What is required: Copy every entry as is. Leave images out.

Brief descriptive captions:
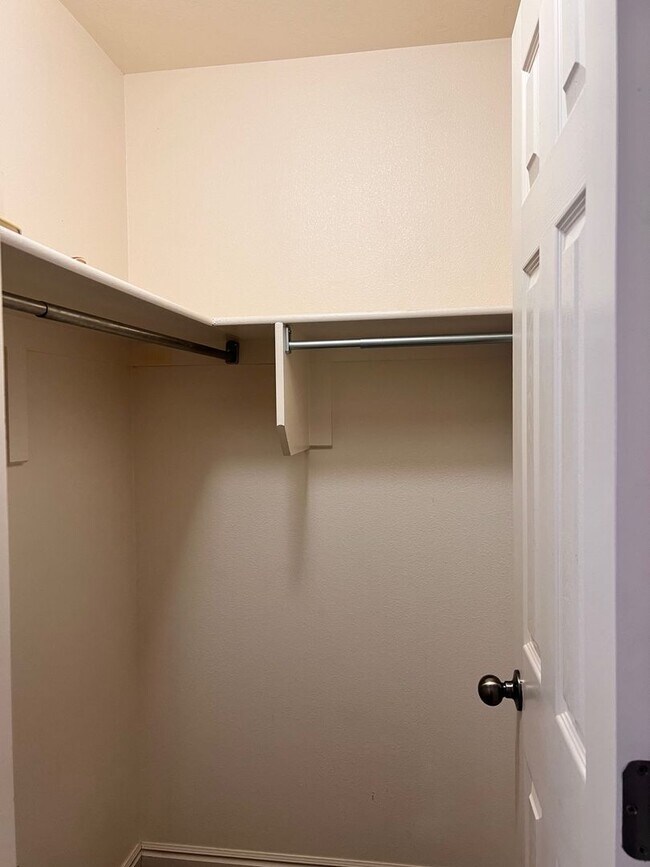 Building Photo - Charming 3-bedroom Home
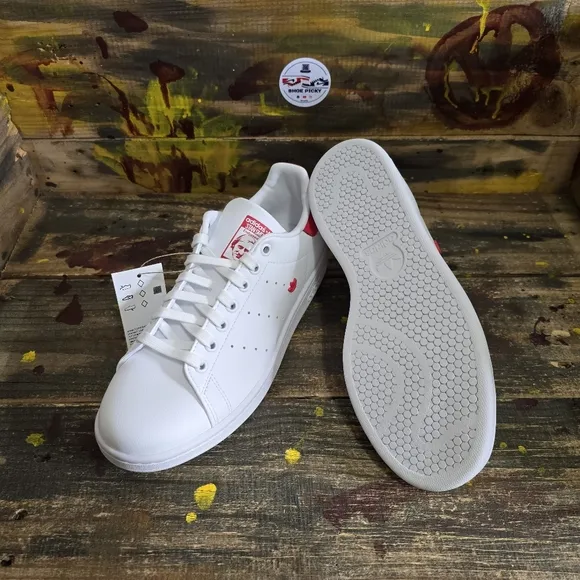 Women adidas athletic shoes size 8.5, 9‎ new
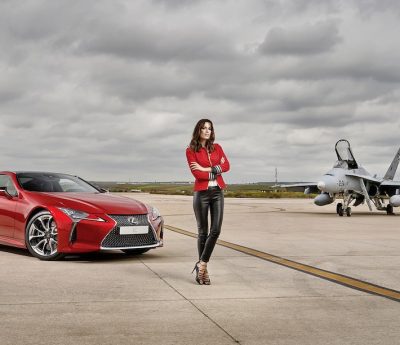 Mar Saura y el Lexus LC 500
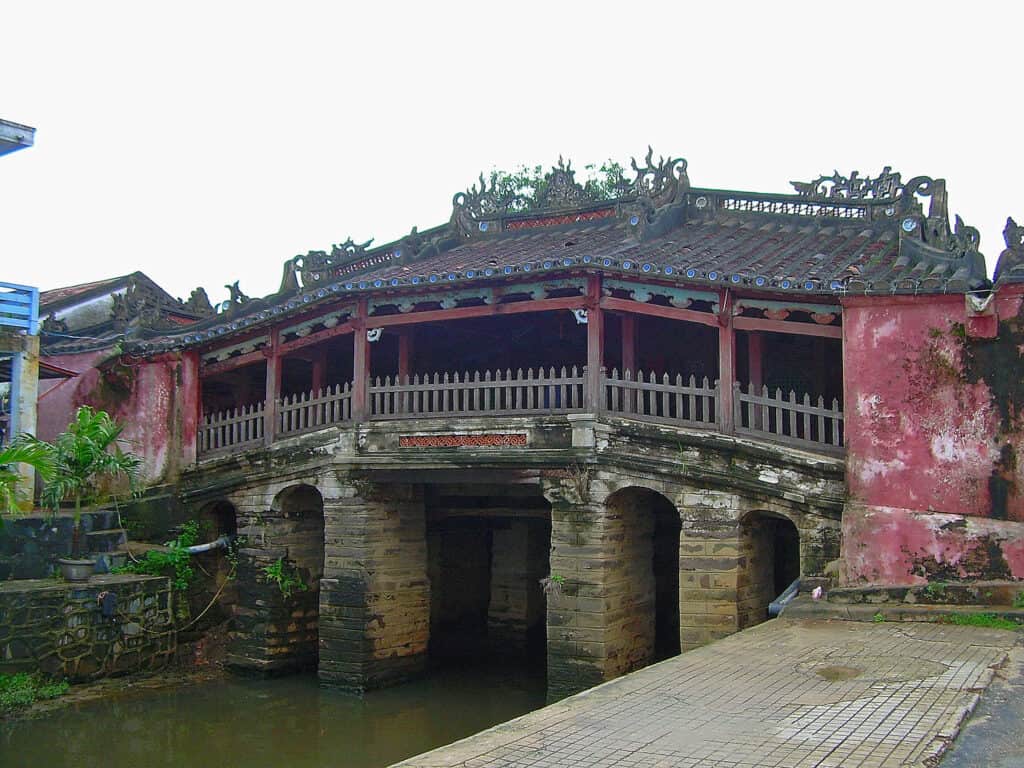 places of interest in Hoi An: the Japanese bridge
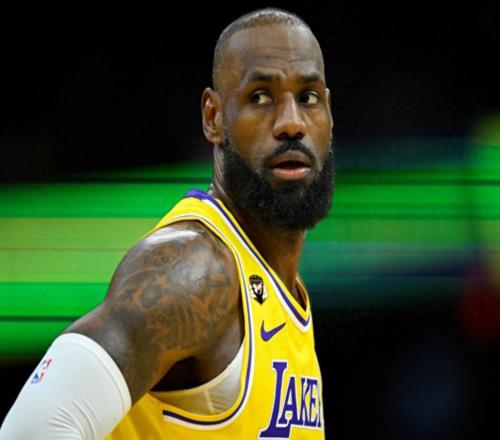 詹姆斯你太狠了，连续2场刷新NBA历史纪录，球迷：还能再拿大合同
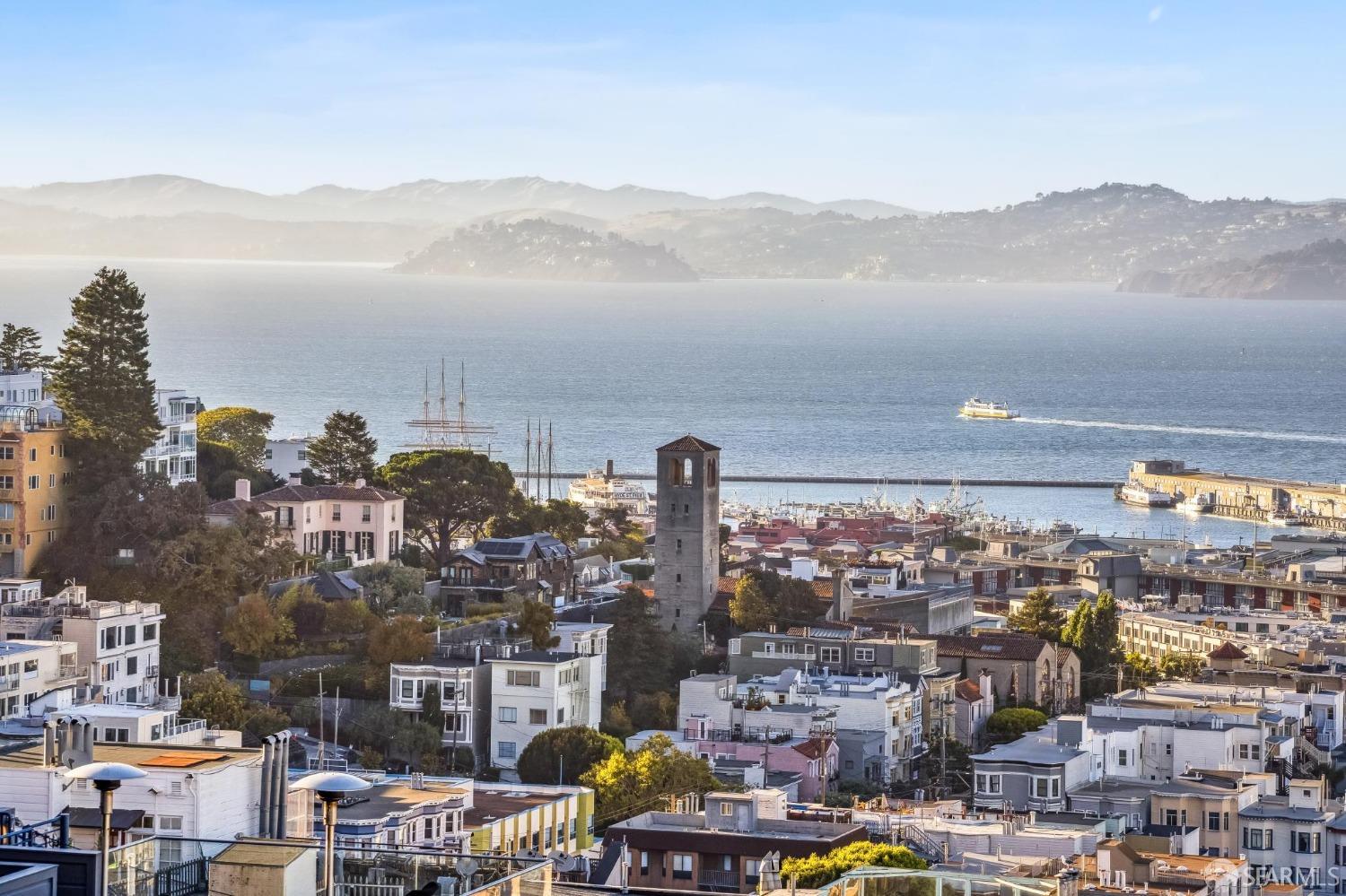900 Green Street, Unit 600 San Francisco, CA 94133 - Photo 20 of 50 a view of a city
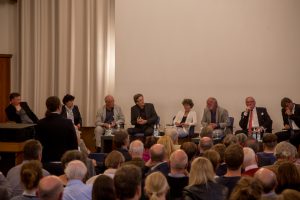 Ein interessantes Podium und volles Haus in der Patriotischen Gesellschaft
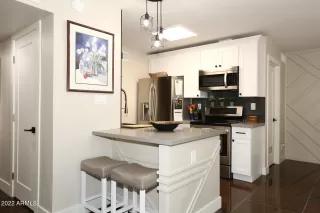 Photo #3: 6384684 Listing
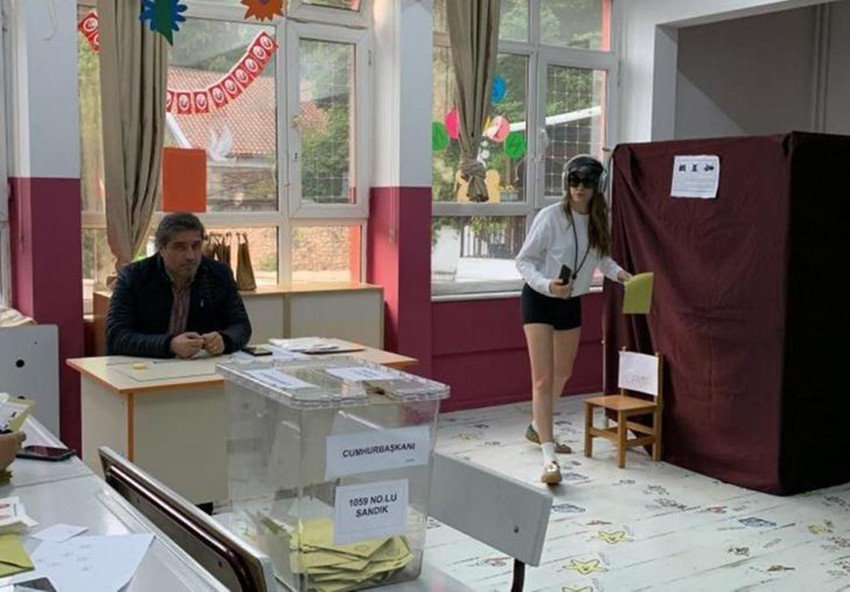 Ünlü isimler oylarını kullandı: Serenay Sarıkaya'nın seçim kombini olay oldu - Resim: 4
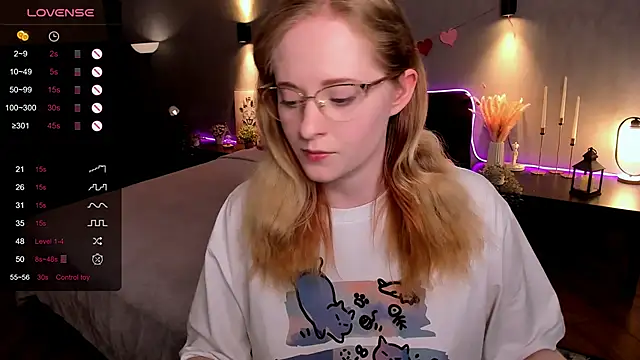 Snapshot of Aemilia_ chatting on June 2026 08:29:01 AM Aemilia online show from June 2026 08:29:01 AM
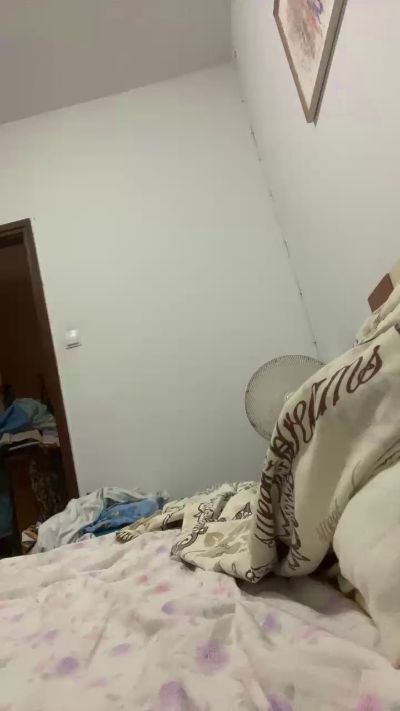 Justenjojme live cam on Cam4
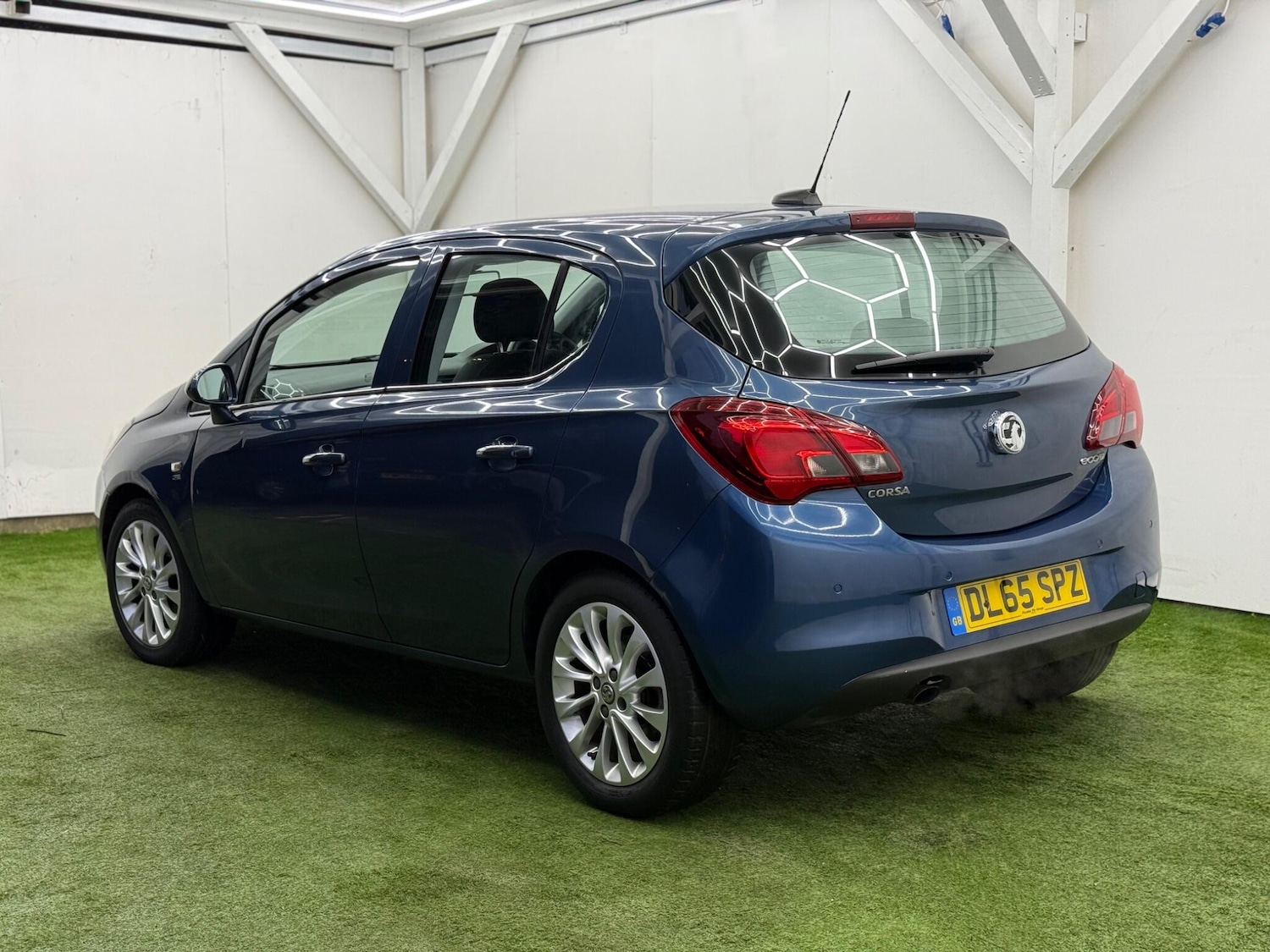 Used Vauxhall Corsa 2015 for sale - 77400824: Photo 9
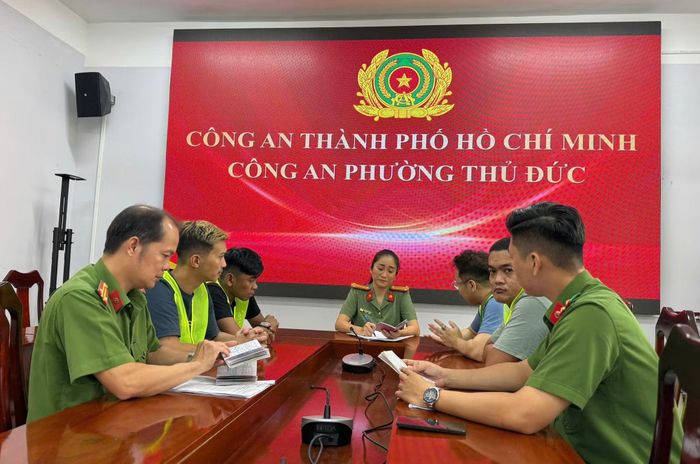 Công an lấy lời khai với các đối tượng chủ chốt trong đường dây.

Response:
 Building Photo - Charming 3-bedroom Home
 Women adidas athletic shoes size 8.5, 9‎ new
 Mar Saura y el Lexus LC 500
 places of interest in Hoi An: the Japanese bridge
 詹姆斯你太狠了，连续2场刷新NBA历史纪录，球迷：还能再拿大合同
900 Green Street, Unit 600 San Francisco, CA 94133 - Photo 20 of 50 a view of a city
 Ein interessantes Podium und volles Haus in der Patriotischen Gesellschaft
 Photo #3: 6384684 Listing
 Ünlü isimler oylarını kullandı: Serenay Sarıkaya'nın seçim kombini olay oldu - Resim: 4
 Snapshot of Aemilia_ chatting on June 2026 08:29:01 AM Aemilia online show from June 2026 08:29:01 AM
 Justenjojme live cam on Cam4
 Used Vauxhall Corsa 2015 for sale - 77400824: Photo 9
 Công an lấy lời khai với các đối tượng chủ chốt trong đường dây.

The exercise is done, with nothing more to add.